The reader knows from pretty early in the story that the main character's brother will die.
Reading of the relationship between the brothers serves as a way to strengthen the emotional punch when the brother does die. It hurts – even though you know it’s coming.
Concerning his death and they manner of his death, perhaps this is where most of my fear comes from in these types of stories.
It is a death that comes during an ordinary moment in our lives. Rushing towards a closed sliding glass patio door, bursting through the glass, having a shard of that glass sever the jugular and bleeding out on the living room floor.
An accident. A mistake.
And you reflect on your life and remember all of the instances that you were in a position where you could have been that boy - bleeding out on the living room floor.
And then you think about your son. How he might grow up like you. And how he might be in situations where he would run towards that closed sliding glass patio door...and you can't sleep at night thinking about this. And all of these awful scenes that haven't even happened in his life. But could happen. And are happening right now… in your imagination.

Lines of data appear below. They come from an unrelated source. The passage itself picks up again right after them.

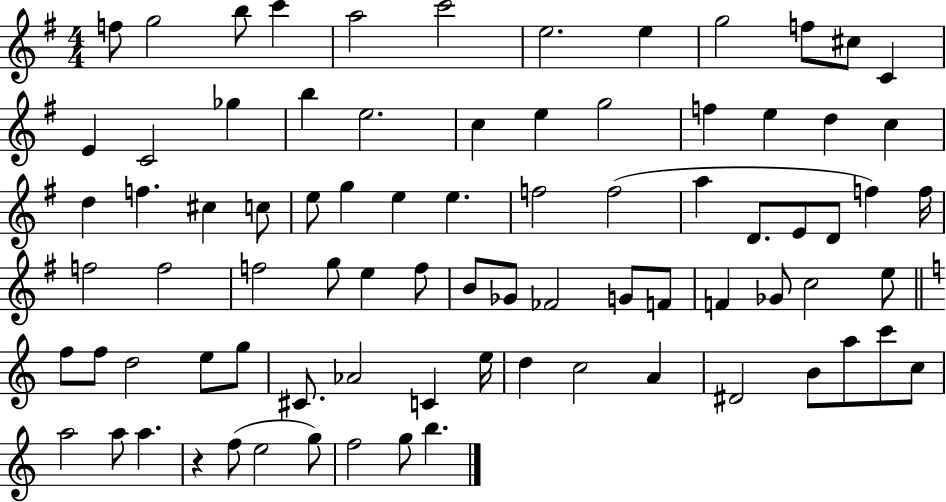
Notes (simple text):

F5/e G5/h B5/e C6/q A5/h C6/h E5/h. E5/q G5/h F5/e C#5/e C4/q E4/q C4/h Gb5/q B5/q E5/h. C5/q E5/q G5/h F5/q E5/q D5/q C5/q D5/q F5/q. C#5/q C5/e E5/e G5/q E5/q E5/q. F5/h F5/h A5/q D4/e. E4/e D4/e F5/q F5/s F5/h F5/h F5/h G5/e E5/q F5/e B4/e Gb4/e FES4/h G4/e F4/e F4/q Gb4/e C5/h E5/e F5/e F5/e D5/h E5/e G5/e C#4/e. Ab4/h C4/q E5/s D5/q C5/h A4/q D#4/h B4/e A5/e C6/e C5/e A5/h A5/e A5/q. R/q F5/e E5/h G5/e F5/h G5/e B5/q. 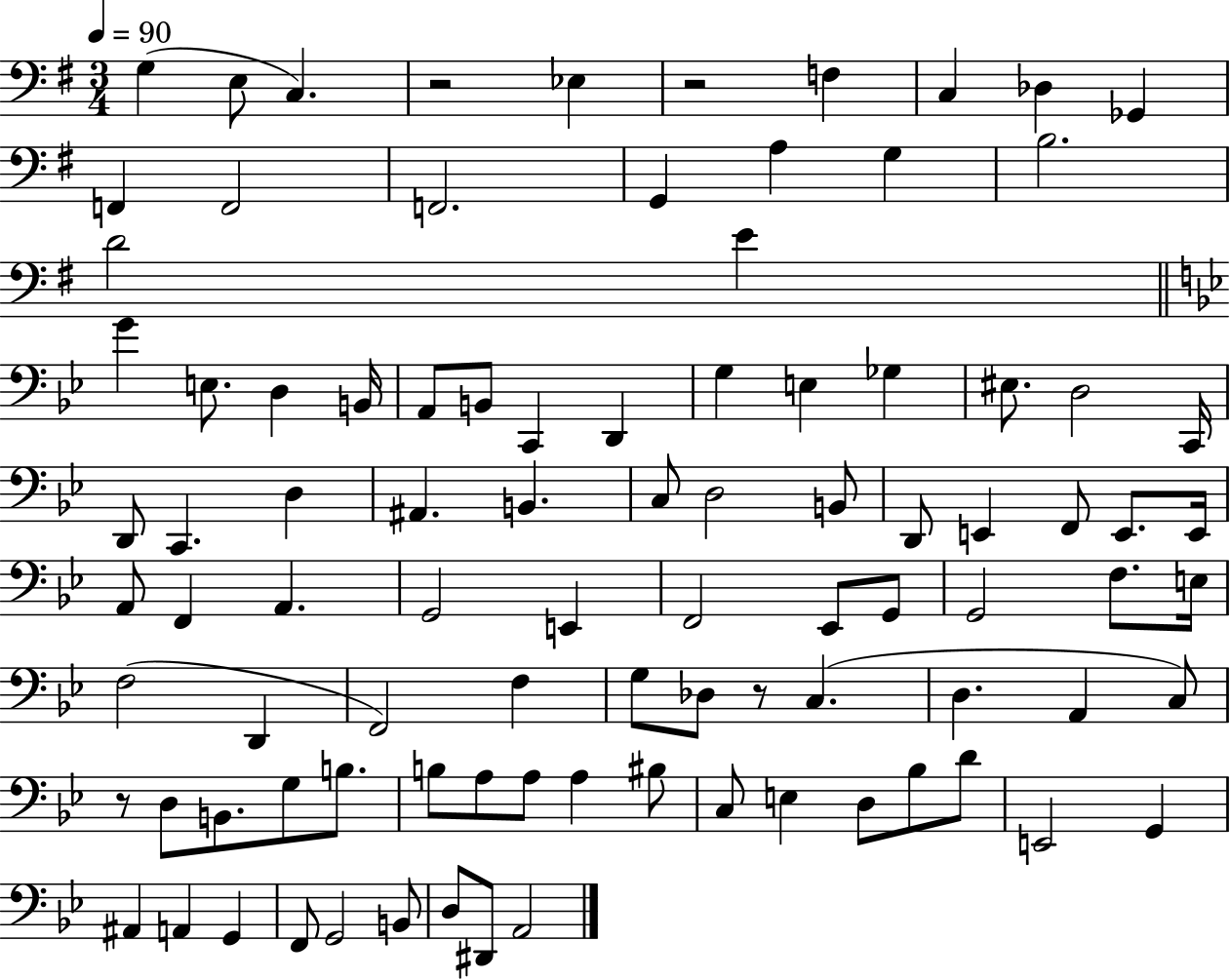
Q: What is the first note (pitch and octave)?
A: G3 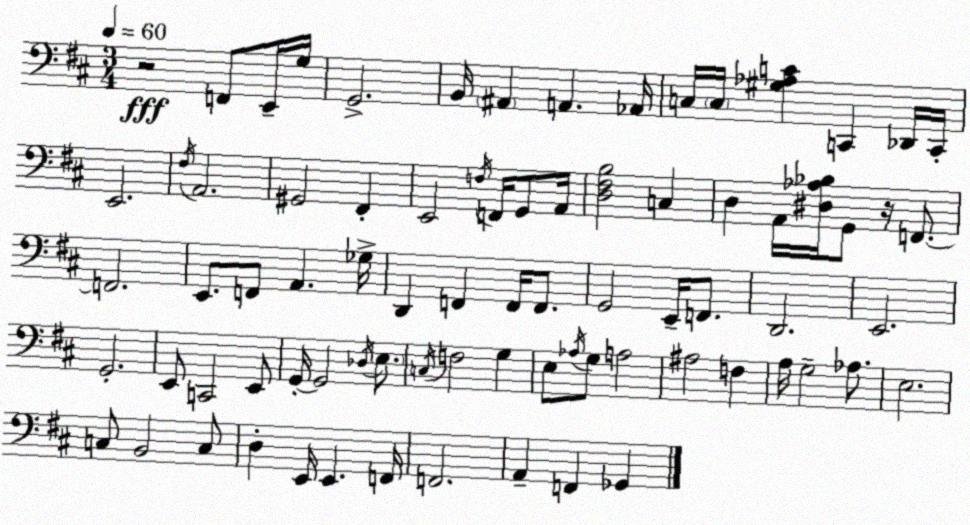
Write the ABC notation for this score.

X:1
T:Untitled
M:3/4
L:1/4
K:D
z2 F,,/2 E,,/4 G,/4 G,,2 B,,/4 ^A,, A,, _A,,/4 C,/4 C,/4 [^G,_A,C] C,, _D,,/4 C,,/4 E,,2 ^F,/4 A,,2 ^G,,2 ^F,, E,,2 F,/4 F,,/4 G,,/2 A,,/4 [D,^F,B,]2 C, D, A,,/4 [^D,_A,_B,]/4 G,,/2 z/4 F,,/2 F,,2 E,,/2 F,,/2 A,, _G,/4 D,, F,, F,,/4 F,,/2 G,,2 E,,/4 F,,/2 D,,2 E,,2 G,,2 E,,/2 C,,2 E,,/2 G,,/4 G,,2 _D,/4 E,/2 C,/4 F,2 G, E,/2 _A,/4 G,/2 A,2 ^A,2 F, A,/4 G,2 _A,/2 E,2 C,/2 B,,2 C,/2 D, E,,/4 E,, F,,/4 F,,2 A,, F,, _G,,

A lump forms in your throat your eyes glass over in the darkness as you set the scene so perfectly –
And you obsess over his safety. You try not to hover but he's so little, so innocent. He needs to be protected. But the years will pass and he will run further down the street from you...away from your protective arms. Towards that closed sliding glass patio door. .
He’s getting older now and faster and faster and faster - always running from you - from your protective arms towards that closed sliding glass patio door. You cry out for him to STOP!

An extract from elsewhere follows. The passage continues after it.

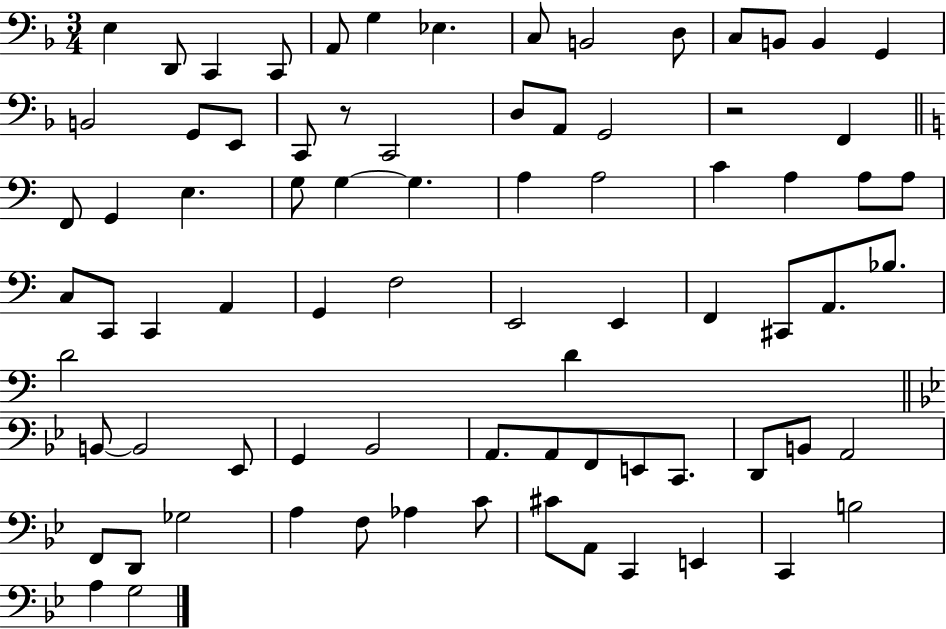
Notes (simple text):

E3/q D2/e C2/q C2/e A2/e G3/q Eb3/q. C3/e B2/h D3/e C3/e B2/e B2/q G2/q B2/h G2/e E2/e C2/e R/e C2/h D3/e A2/e G2/h R/h F2/q F2/e G2/q E3/q. G3/e G3/q G3/q. A3/q A3/h C4/q A3/q A3/e A3/e C3/e C2/e C2/q A2/q G2/q F3/h E2/h E2/q F2/q C#2/e A2/e. Bb3/e. D4/h D4/q B2/e B2/h Eb2/e G2/q Bb2/h A2/e. A2/e F2/e E2/e C2/e. D2/e B2/e A2/h F2/e D2/e Gb3/h A3/q F3/e Ab3/q C4/e C#4/e A2/e C2/q E2/q C2/q B3/h A3/q G3/h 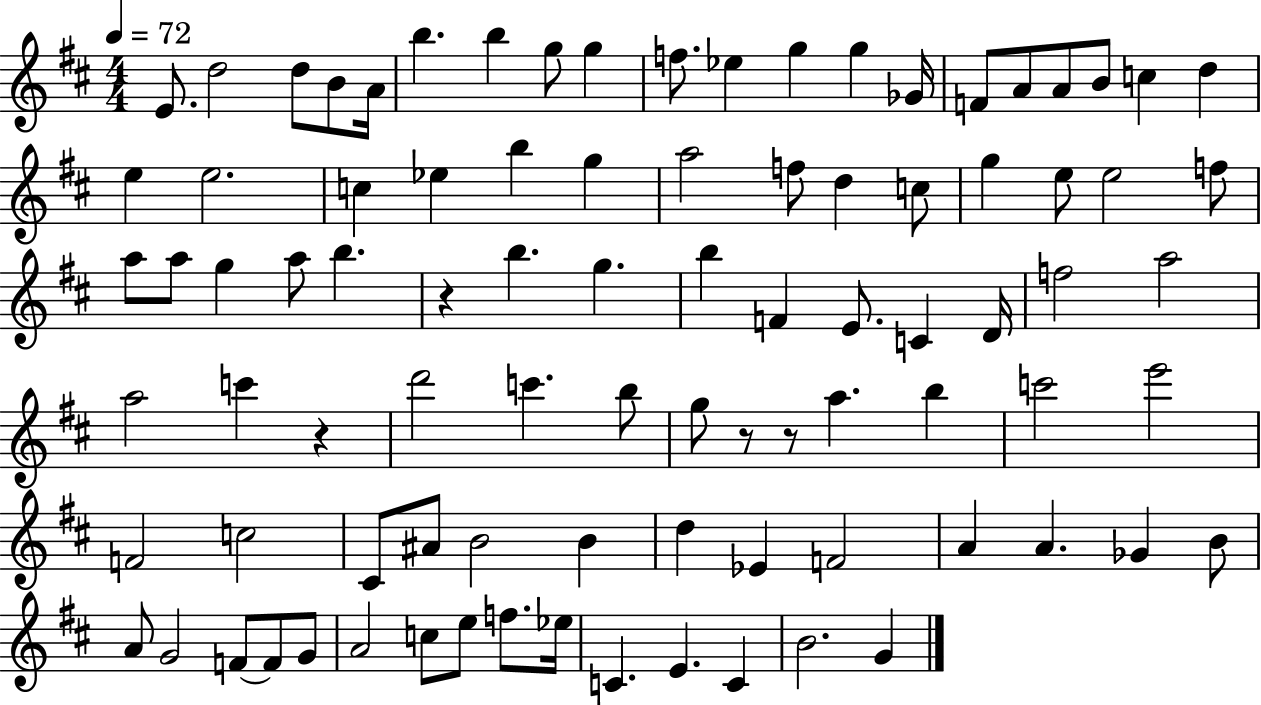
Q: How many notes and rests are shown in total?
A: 90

And that’s it exactly – his life, our life – this life - a closed glass patio door. Normally we approach it, slide it to the side and walk into the living room. But there are moments when we – or someone we love runs through that closed sliding glass patio door. And things are never the same after that moment.
Years pass, you’re both be much older. Your hair has grayed out completely - lying in bed - still thinking about him running towards...
And there is no way of every catching him. All you can do is watch. And hope that he slides it to the side.
"If you've never wept and want to, have a child."
Incarnations of Burned Children – David Foster Wallace - of course.